(Excerpts from a dataset)

+ + + + +

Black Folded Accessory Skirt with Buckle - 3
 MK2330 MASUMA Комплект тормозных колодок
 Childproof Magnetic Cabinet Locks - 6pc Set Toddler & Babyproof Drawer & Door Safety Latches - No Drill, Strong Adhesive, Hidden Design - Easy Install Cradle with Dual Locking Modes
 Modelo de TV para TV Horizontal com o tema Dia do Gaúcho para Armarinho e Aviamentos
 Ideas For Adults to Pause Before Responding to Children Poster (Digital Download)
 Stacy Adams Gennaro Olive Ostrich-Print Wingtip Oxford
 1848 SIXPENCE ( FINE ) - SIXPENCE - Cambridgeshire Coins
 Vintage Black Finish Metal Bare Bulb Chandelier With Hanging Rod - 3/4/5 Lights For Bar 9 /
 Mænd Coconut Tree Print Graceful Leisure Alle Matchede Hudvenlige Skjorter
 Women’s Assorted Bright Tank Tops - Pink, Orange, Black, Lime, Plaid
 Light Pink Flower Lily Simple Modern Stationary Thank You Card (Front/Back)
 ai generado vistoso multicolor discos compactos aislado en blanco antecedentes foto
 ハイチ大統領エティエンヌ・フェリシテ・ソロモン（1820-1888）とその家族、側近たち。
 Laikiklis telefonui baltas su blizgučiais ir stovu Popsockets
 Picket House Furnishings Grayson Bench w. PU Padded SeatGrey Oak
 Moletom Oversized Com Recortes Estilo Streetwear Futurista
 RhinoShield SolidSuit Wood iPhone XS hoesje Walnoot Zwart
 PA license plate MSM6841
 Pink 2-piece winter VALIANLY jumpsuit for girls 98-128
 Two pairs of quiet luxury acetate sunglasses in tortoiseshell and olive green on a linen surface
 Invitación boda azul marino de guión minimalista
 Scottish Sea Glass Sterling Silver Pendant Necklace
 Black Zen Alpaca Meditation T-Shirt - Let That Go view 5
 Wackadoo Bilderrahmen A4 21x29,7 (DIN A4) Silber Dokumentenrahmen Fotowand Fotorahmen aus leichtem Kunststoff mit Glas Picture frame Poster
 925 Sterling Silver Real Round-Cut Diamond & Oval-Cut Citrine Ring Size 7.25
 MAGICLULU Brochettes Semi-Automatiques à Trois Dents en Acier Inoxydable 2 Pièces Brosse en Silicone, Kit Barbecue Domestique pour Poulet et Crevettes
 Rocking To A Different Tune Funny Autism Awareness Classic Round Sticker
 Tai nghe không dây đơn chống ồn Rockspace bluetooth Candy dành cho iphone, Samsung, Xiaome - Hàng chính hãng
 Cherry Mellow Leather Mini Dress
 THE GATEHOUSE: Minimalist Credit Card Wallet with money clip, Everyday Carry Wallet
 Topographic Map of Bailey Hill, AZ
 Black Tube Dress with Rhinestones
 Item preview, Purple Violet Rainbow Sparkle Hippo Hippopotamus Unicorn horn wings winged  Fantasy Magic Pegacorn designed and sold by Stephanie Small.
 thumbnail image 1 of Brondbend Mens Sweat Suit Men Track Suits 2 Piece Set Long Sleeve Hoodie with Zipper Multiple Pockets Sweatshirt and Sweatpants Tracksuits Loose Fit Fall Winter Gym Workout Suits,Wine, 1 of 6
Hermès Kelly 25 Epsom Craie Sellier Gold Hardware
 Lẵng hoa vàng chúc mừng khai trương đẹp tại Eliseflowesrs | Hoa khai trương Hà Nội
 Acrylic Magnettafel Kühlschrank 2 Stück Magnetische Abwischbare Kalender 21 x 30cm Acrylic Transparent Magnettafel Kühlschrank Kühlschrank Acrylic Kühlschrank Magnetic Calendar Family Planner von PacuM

+ + + + +

§ **EXERCISE AIM**
Find the lines that mention "Sterling" in the entries and show them.

§ **ANSWER BOX**
 Scottish Sea Glass Sterling Silver Pendant Necklace
 925 Sterling Silver Real Round-Cut Diamond & Oval-Cut Citrine Ring Size 7.25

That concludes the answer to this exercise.